Polyploidy is a rare lethal cytogenetic anomaly in pregnancies, generally leading to pregnancy termination. This study aims to compare first and second trimester polyploidy in pregnancies and describe the underlying mechanisms.
A retrospective study was conducted in three medical genetics laboratories, collecting cases from Eastern, Southern, and Western Romania. The period of interest was January 2008 to December 2018. Prenatal samples (chorionic villi and amniotic fluid) and miscarriage samples were tested by standard karyotyping, as well as QF-PCR or FISH as complementary or alternative techniques.

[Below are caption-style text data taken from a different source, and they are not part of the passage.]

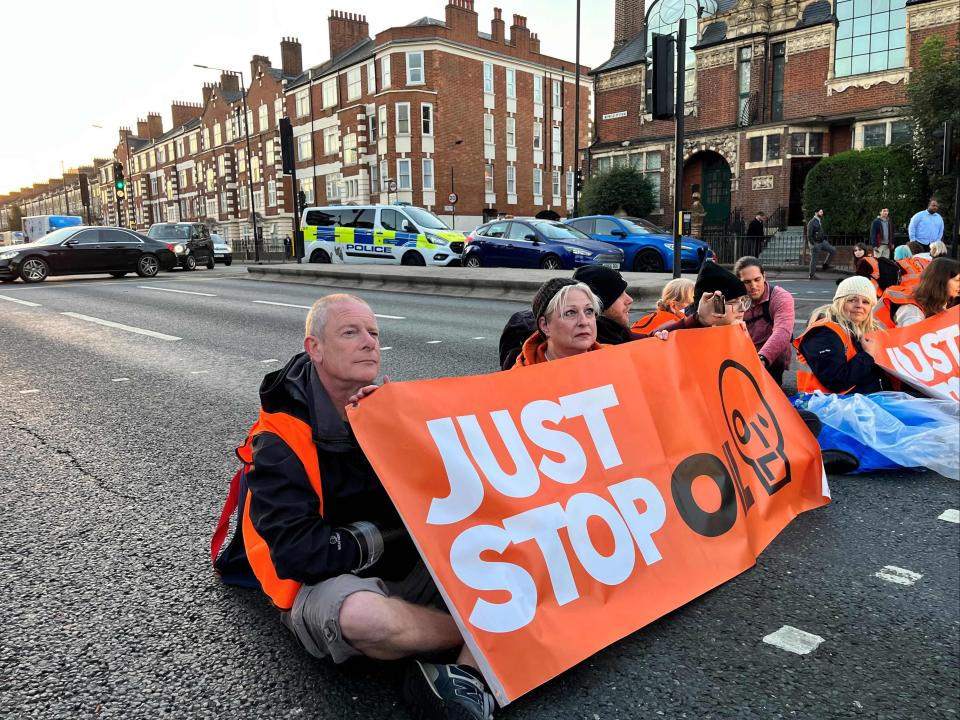 Activists of Just Stop Oil climate campaign group hold a banner at Barons Court in west London as they block the A4 (AFP via Getty Images)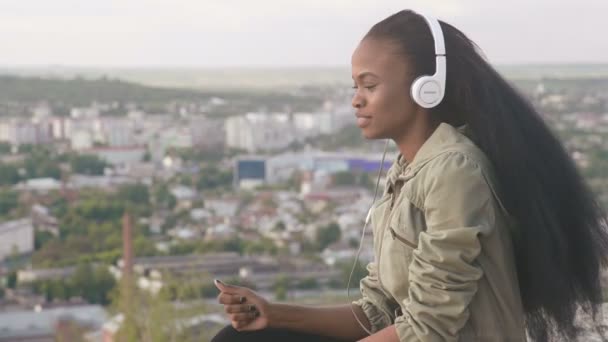 Mooie jonge Afro-Amerikaanse meisje luisteren naar muziek en glimlachen. Mooi zwart meisje buiten op cityscape achtergrond — Stockvideo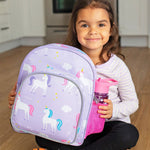 Wildkin Unicorn Backpack in Purple, lifestyle view showing unicorn print and water bottle in side mesh pocket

In first trimester pregnancies, we report cytogenetic results of chorionic villi samples from miscarriages: 25 triploid cases and 13 tetraploid cases. In second trimester samples obtained by amniocentesis, cytogenetic findings were positive for 17 triploid cases. Maternal age, age of the pregnancy, and fetal gender identified by ultrasound were recorded in all cases and, additionally, data on biochemical risk and ultrasonographic findings for second trimester pregnancies.

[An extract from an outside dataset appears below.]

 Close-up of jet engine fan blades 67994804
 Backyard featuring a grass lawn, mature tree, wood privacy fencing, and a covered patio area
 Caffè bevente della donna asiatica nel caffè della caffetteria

Cytogenetic investigations of spontaneous abortions provide valuable information on the cause of abortion. This information is crucial for genetic counseling and may also contribute to prenatal diagnosis in subsequent pregnancies.
多倍体是妊娠中罕见的致死性细胞遗传学异常,通常导致妊娠终止。本研究旨在比较妊娠的第一和第二 trimester 多倍体,并描述其潜在机制。

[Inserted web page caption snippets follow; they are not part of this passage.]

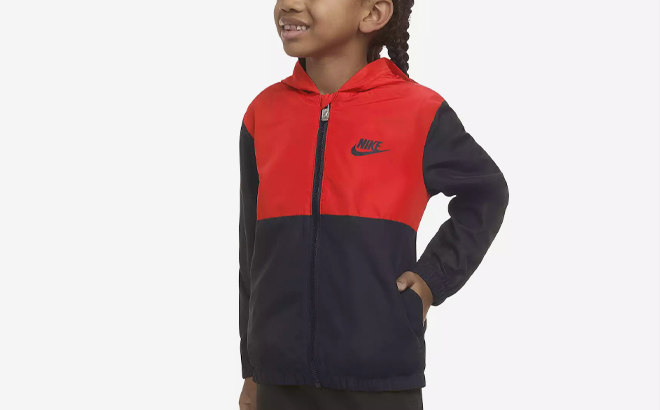 A Person wearing a Nike Boys Dri FIT Futura Windrunner Jacket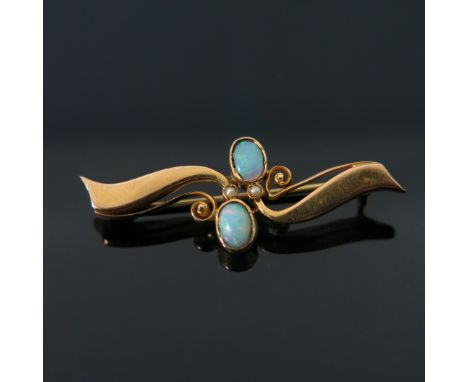 An 18 carat gold and opal brooch, two opposing open coiled tendril wings with two oval cabochon opals and seed pearls, stampe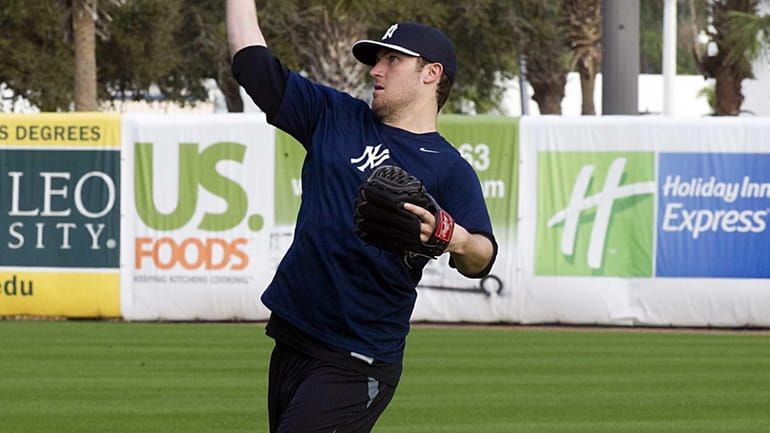 Yankees pitcher Phil Hughes warms up his arm at George...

在三个医学遗传学实验室进行了一项回顾性研究,从罗马尼亚东部、南部和西部收集病例。研究期间为 2008 年 1 月至 2018 年 12 月。通过标准核型分析对产前样本(绒毛膜和羊水)和流产样本进行检测,同时还使用 QF-PCR 或 FISH 作为补充或替代技术。
在第一 trimester 妊娠中,我们报告了流产绒毛膜样本的细胞遗传学结果:25 例三倍体病例和 13 例四倍体病例。在通过羊膜穿刺术获得的第二 trimester 样本中,细胞遗传学发现 17 例三倍体病例为阳性。在所有病例中都记录了母亲年龄、妊娠年龄和超声识别的胎儿性别,此外还记录了第二 trimester 妊娠的生化风险和超声检查数据。
对自然流产进行细胞遗传学研究可提供有关流产原因的有价值信息。这些信息对于遗传咨询至关重要,也可能为后续妊娠的产前诊断做出贡献。